JAKARTA, KOMPAS.com - Sejak tahun 2025 suasana di salah satu sudut RW 07 Kompleks Perumahan Pelindo, Rawa Badak Selatan, terasa berbeda dari biasanya.
Suasana kompleks yang biasanya hanya ramai dengan deru kendaraan atau hiruk pikuk warga, kini terdapat hamparan hijau yang menyelinap di antara pagar-pagar rumah.
Aroma tanah basah bercampur wangi dedaunan segar menguar, mengingatkan pada suasana pedesaan yang jauh dari bayangan kota metropolitan seperti Jakarta.
Baca juga: Kala Atap Gedung Pemerintahan Disulap Jadi Kebun Pangan Baru di Jakarta
Di tengah padatnya pemukiman Jakarta, sepetak kebun sayur dan buah itu berhasil menghadirkan ketenangan ala kampung halaman bagi warga sekitar.
Daun kangkung dan bayam terlihat bergoyang pelan setiap kali diterpa angin, sementara tomat ceri merah merona menggantung menunggu untuk dipetik.
Tomat ceri yang sudah matang terlihat tengah dipanen oleh Ketua Tim Penggerak Pemberdayaan dan Kesejahteraan Keluarga (TP PKK) Kelurahan Rawa Badak Selatan Yuli Purwatiningsih bersama para stafnya.
Tak hanya tomat ceri, para petugas kelurahan juga memanen labu air, terong, dan juga pare dari kebun di tengah kompleks itu.
Ketua TP PKK Kelurahan Rawa Badak Selatan mengapresiasi pembangunan kebun sayur dan buah itu, karena dapat membangun ketahanan pangan untuk warga.
"Terima kasih kepada Bapak RW 07, termasuk pengelola urban farming atau pertanian perkotaan karena sudah bisa membantu warga di sekitar sini.

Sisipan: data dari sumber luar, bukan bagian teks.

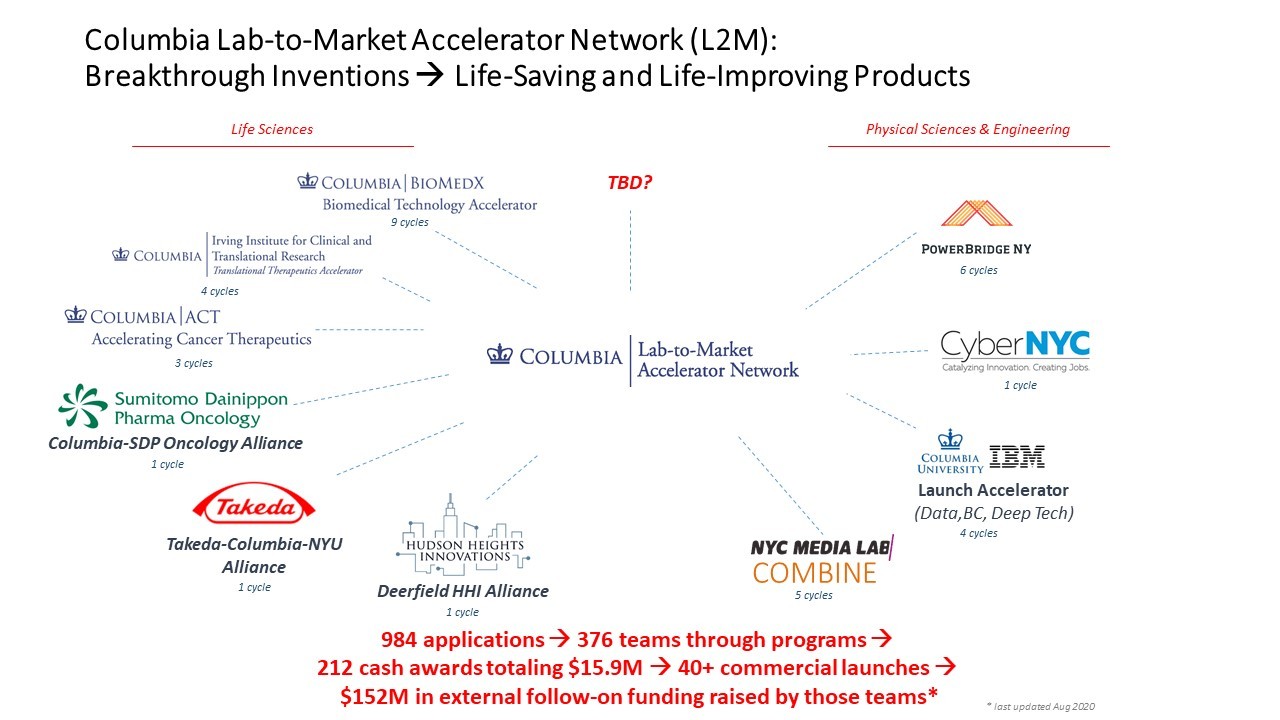 L2M Network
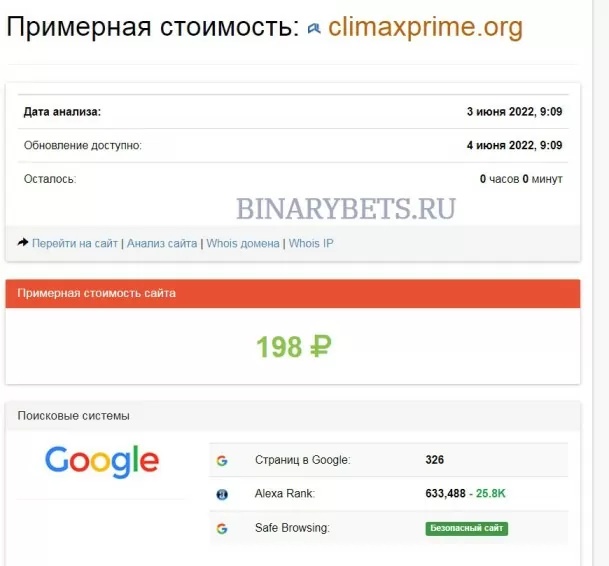 Climax Prime – ЛОХОТРОН. Реальные отзывы. Проверка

Alhamdulillah, selain sayuran tadi, di sini juga ada nangka, singkong, kangkung, bayam, dan cabai yang sudah berbuah," ucap Yuli ketika ditemui Kompas.com di lokasi, Jumat (19/6/2026) siang.
Istri Lurah Rawa Badak Selatan itu mengatakan, berbagai dukungan akan diberikan oleh pemerintah untuk mendukung gerakan urban farming itu.

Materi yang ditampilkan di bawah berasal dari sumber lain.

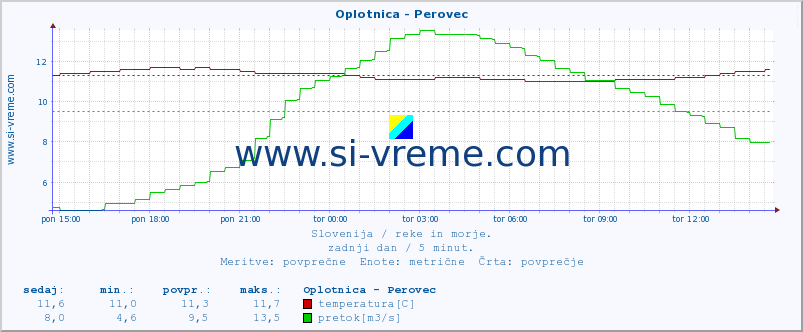 POVPREČJE :: Oplotnica - Perovec :: temperatura | pretok | višina :: zadnji dan / 5 minut.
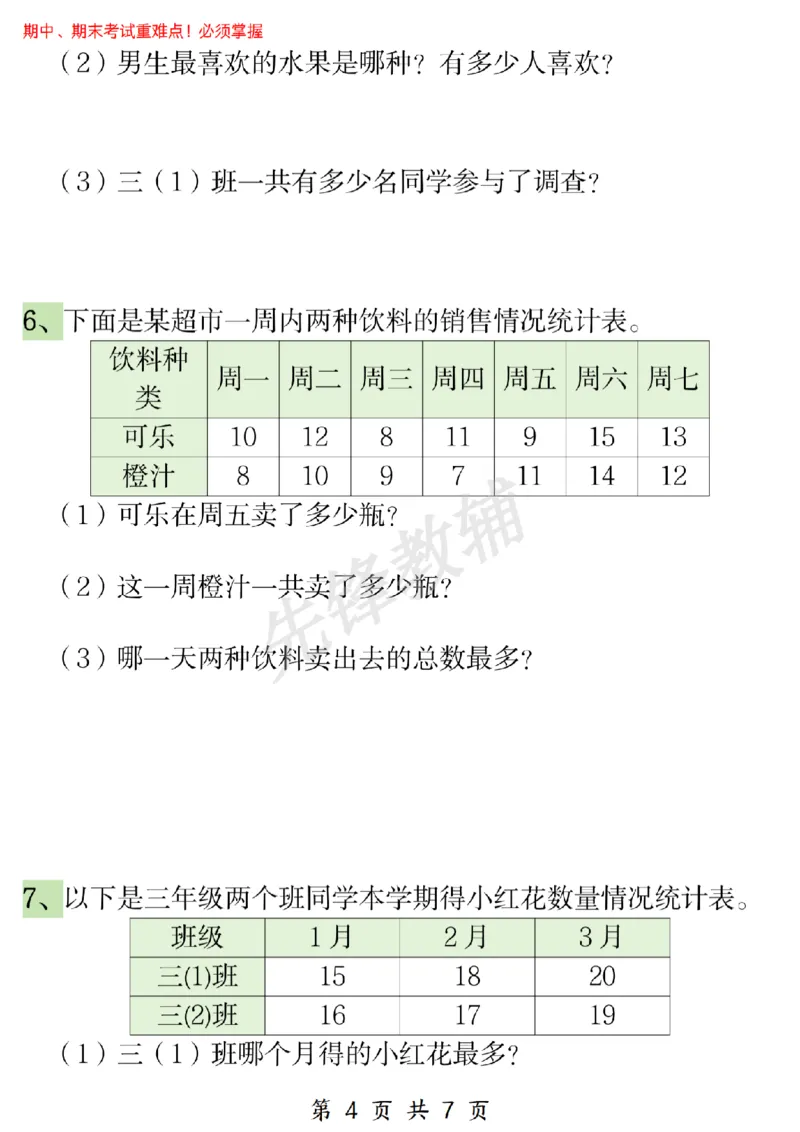 《三年级（下）数学复式统计表专项训练1_3年级下册同步教辅_3下-数学_三下数学通用专项+练习》第4页预览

Ke depannya, pihak kelurahan akan memberikan dukungan berupa penyuburan tanah.
Sebab, salah satu tantangan yang dihadapi para pengelola dalam membangun kebun sayur dan buah itu adalah tanah yang padat.
Baca juga: Sulap Gudang Jadi Kebun, Kelurahan di Jakbar Raup Omzet Puluhan Juta
"Mungkin kami akan mengupayakan bagaimana agar tanah tersebut bisa lebih gembur dan subur kembali untuk ditanami," sambung dia.
Yuli berharap, agar ke depannya banyak lahan-lahan tidak terpakai di Rawa Badak Selatan bisa dimanfaatkan sebagai ladang pertanian perkotaan, seperti di RW 07.
Ketua RW 07 Triyadi Setyawan (47), mengatakan kebun seluas 450 meter persegi itu dulunya merupakan lahan terbengkalai yang menjadi tempat pembuangan sampah dan puing warga.